MATERIAL SUPPLIED: Begin
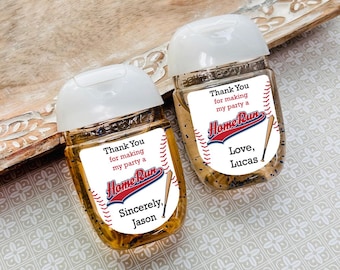 Baseball Birthday LABELS Only Personalized Labels For Sanitizers, Birthday Loop or Vertical Labels, CL98 (Set of 18)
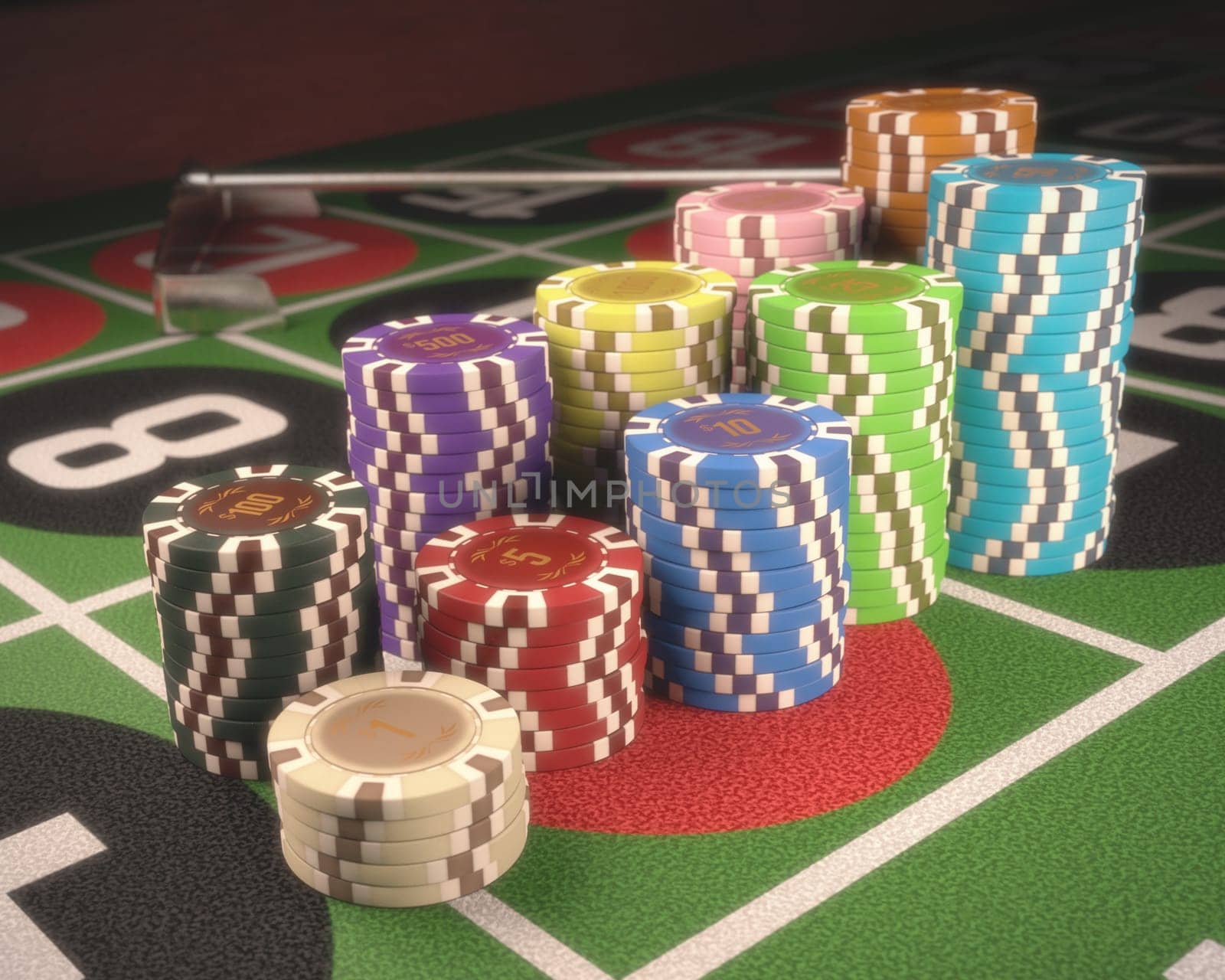 Colorful chips on a green table. Depth of field on some chips. Clipping path on the chips.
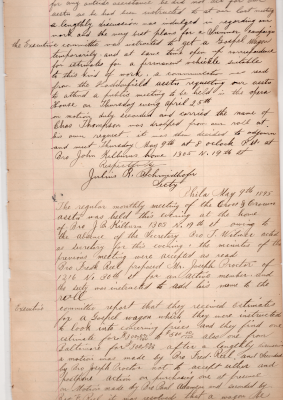 (Continuation of 4/11/1895: Plans for a sermon campaign were discussed, the executive committee was tasked with getting a gospel wagon, and plans to attend a public event at the opera house, invitation from the Haddonfield association). Estimates for a gospel wagon, and the decision to postpone purchasing one
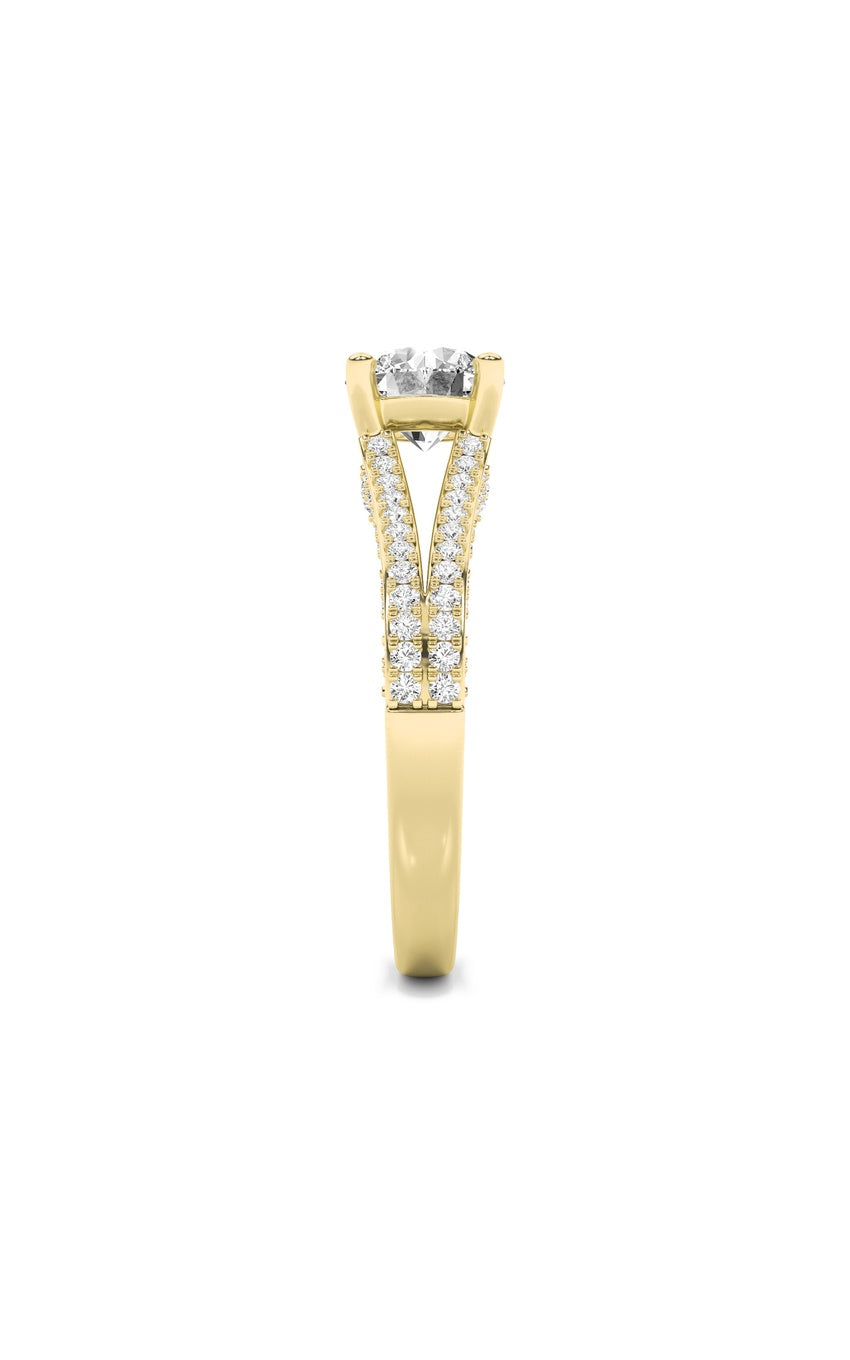 2Cttw Round Shaped Lab Grown Diamond (F/VS) SplitShank Accented Engagement Ring in 14K Gold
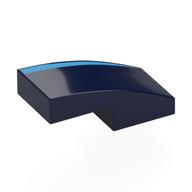 Brick Curved 2 x 1 No Studs [1/2 Bow] with Dark Azure Stripe print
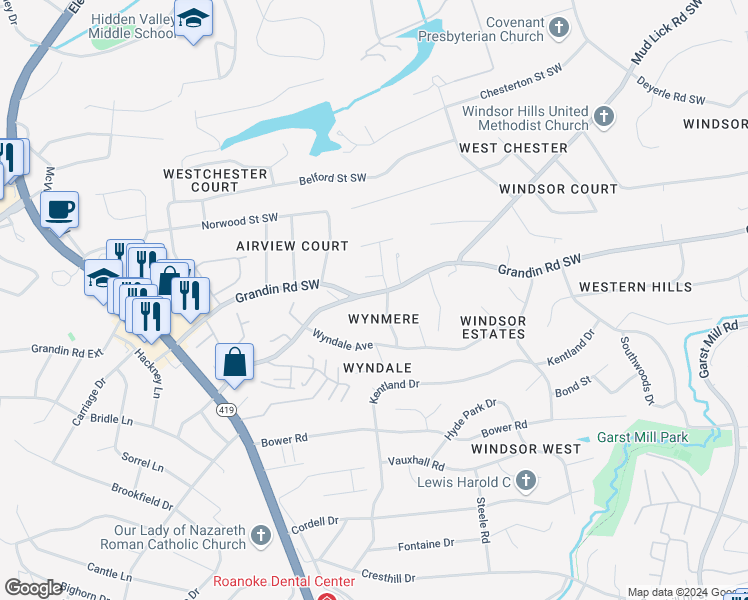 map of restaurants, bars, coffee shops, grocery stores, and more near 4426 Grandin Road Southwest in Cave Spring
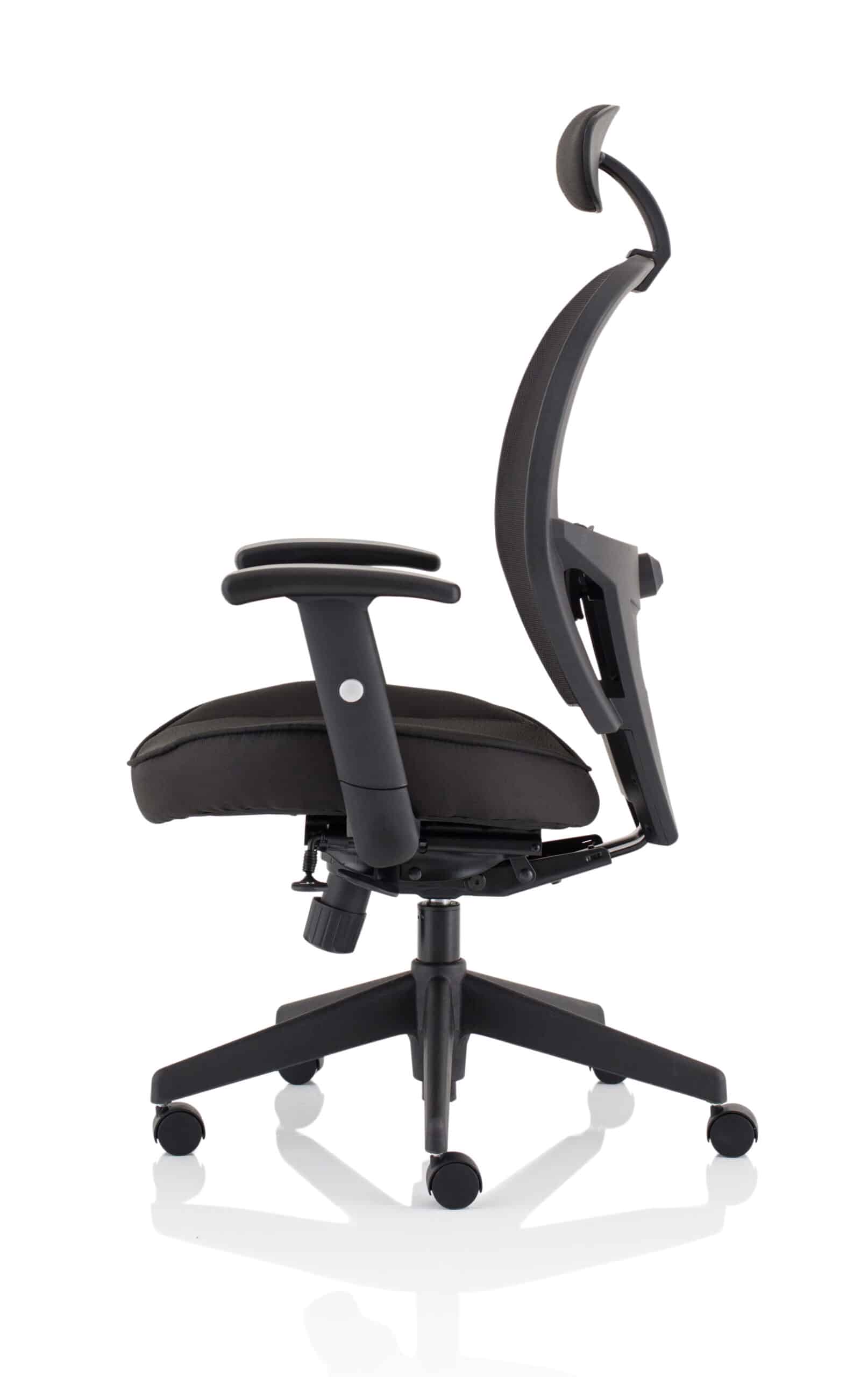 Denver High Mesh Back Black Task Operator Office Chair with Arms - Image 12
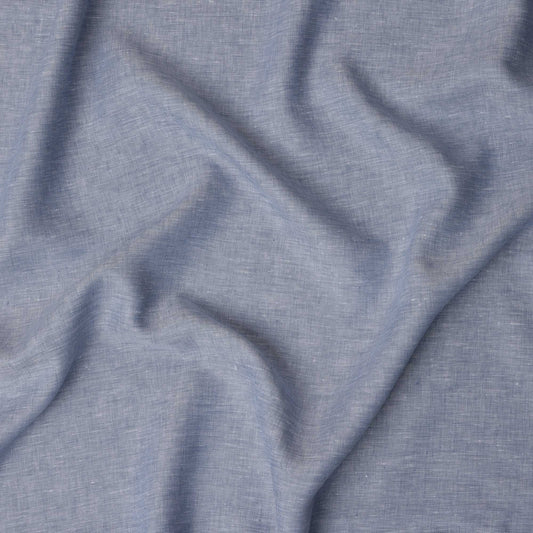 Dusty Blue 60 Lea Pure linen fabric (Width 58 Inches)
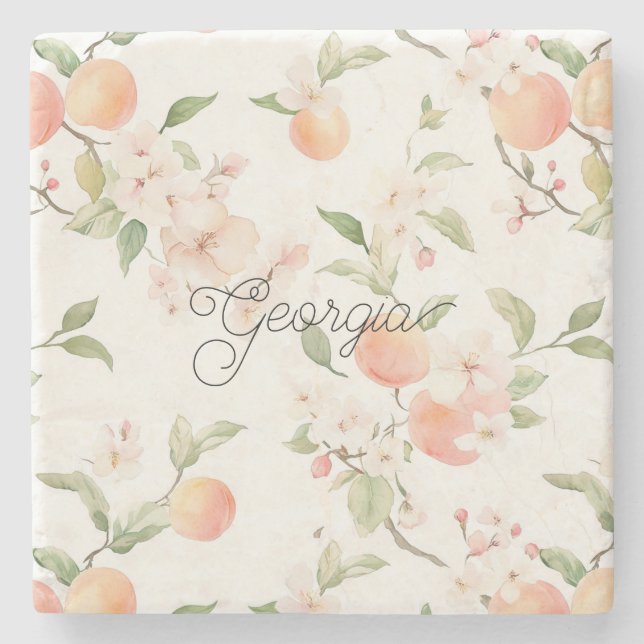 Georgia-Pfirsich-Herz-Frucht-Blüten Steinuntersetzer (Vorderseite)
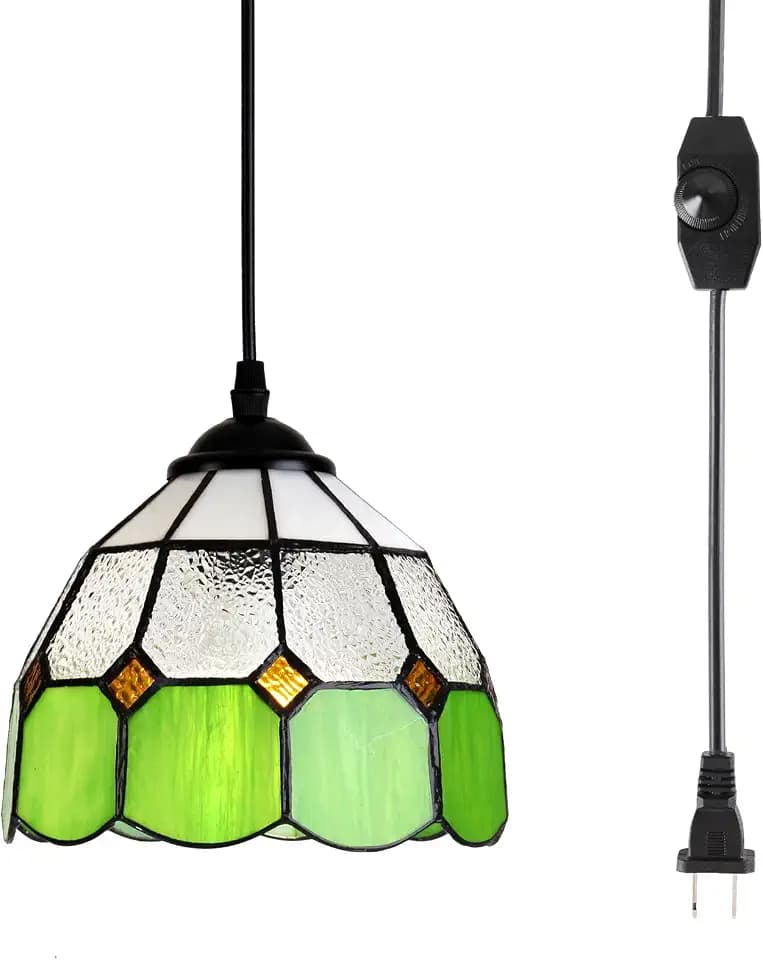 HuisMier Tiffany Style Plug in Pendant Light, Green Mini Chandelier with 15 Ft Hanging Cord and On/Off Dimmer Switch, Vintage Swag Ceiling Lamp for Dining Room Bedroom Living Room Porch, 7.9" Width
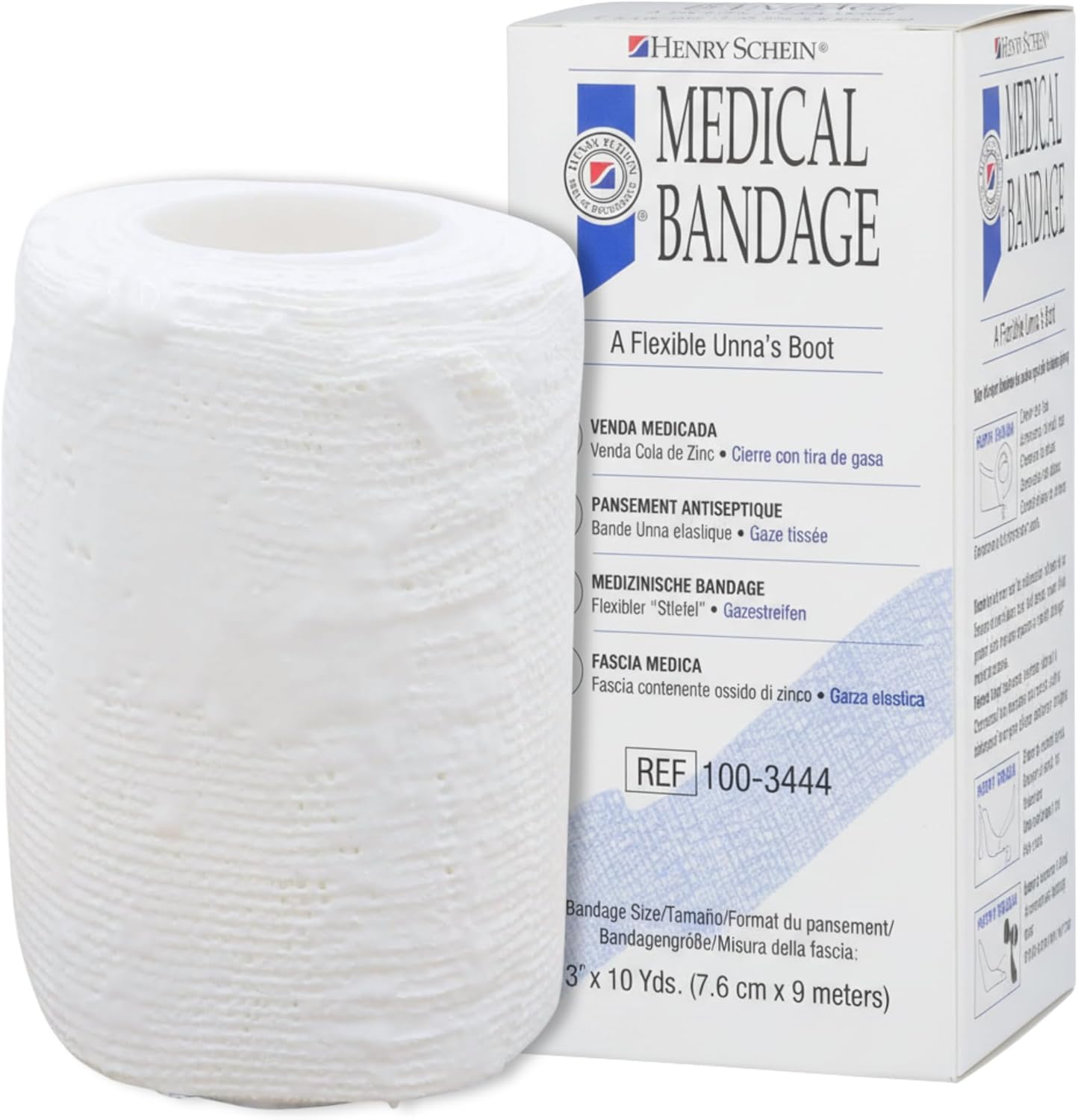 Henry Schein Unna Boot Bandage with Zinc Oxide – 3" x 10 yd – Soothing Compression Wrap for Venous Leg Ulcers, Edema, and Wound Care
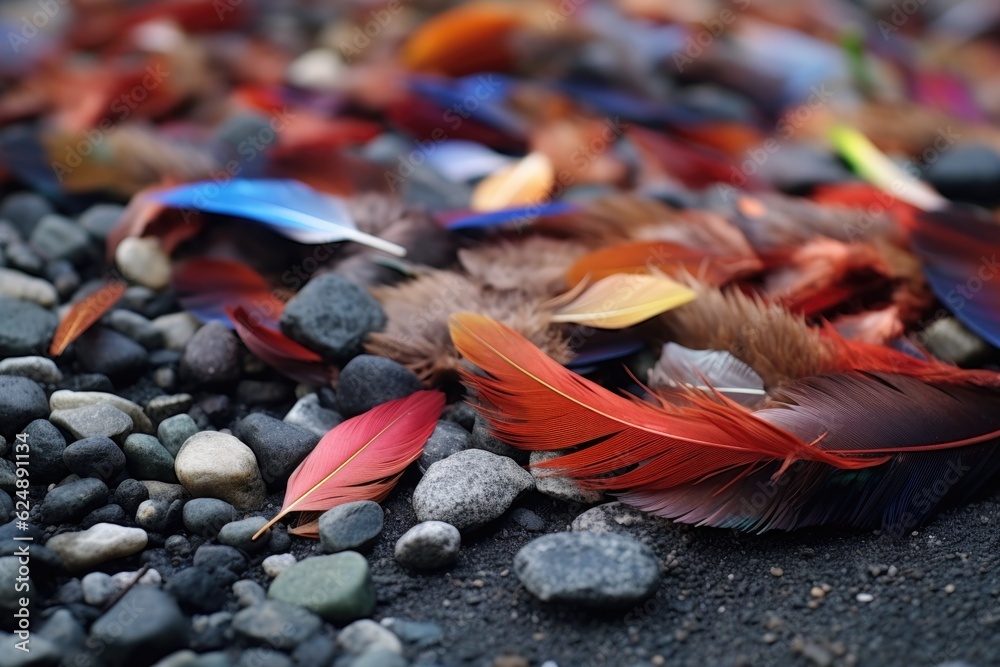 Sticker close-up of rare bird feathers on the ground, created with generative ai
MATERIAL SUPPLIED: End
#### TASK BRIEF:
Exclude the images and reproduce the remaining data exactly.

#### YOUR SOLUTION:
 Baseball Birthday LABELS Only Personalized Labels For Sanitizers, Birthday Loop or Vertical Labels, CL98 (Set of 18)
 Colorful chips on a green table. Depth of field on some chips. Clipping path on the chips.
 (Continuation of 4/11/1895: Plans for a sermon campaign were discussed, the executive committee was tasked with getting a gospel wagon, and plans to attend a public event at the opera house, invitation from the Haddonfield association). Estimates for a gospel wagon, and the decision to postpone purchasing one
 2Cttw Round Shaped Lab Grown Diamond (F/VS) SplitShank Accented Engagement Ring in 14K Gold
 Brick Curved 2 x 1 No Studs [1/2 Bow] with Dark Azure Stripe print
 map of restaurants, bars, coffee shops, grocery stores, and more near 4426 Grandin Road Southwest in Cave Spring
 Denver High Mesh Back Black Task Operator Office Chair with Arms - Image 12
 Dusty Blue 60 Lea Pure linen fabric (Width 58 Inches)
 Georgia-Pfirsich-Herz-Frucht-Blüten Steinuntersetzer (Vorderseite)
 HuisMier Tiffany Style Plug in Pendant Light, Green Mini Chandelier with 15 Ft Hanging Cord and On/Off Dimmer Switch, Vintage Swag Ceiling Lamp for Dining Room Bedroom Living Room Porch, 7.9" Width
 Henry Schein Unna Boot Bandage with Zinc Oxide – 3" x 10 yd – Soothing Compression Wrap for Venous Leg Ulcers, Edema, and Wound Care
 Sticker close-up of rare bird feathers on the ground, created with generative ai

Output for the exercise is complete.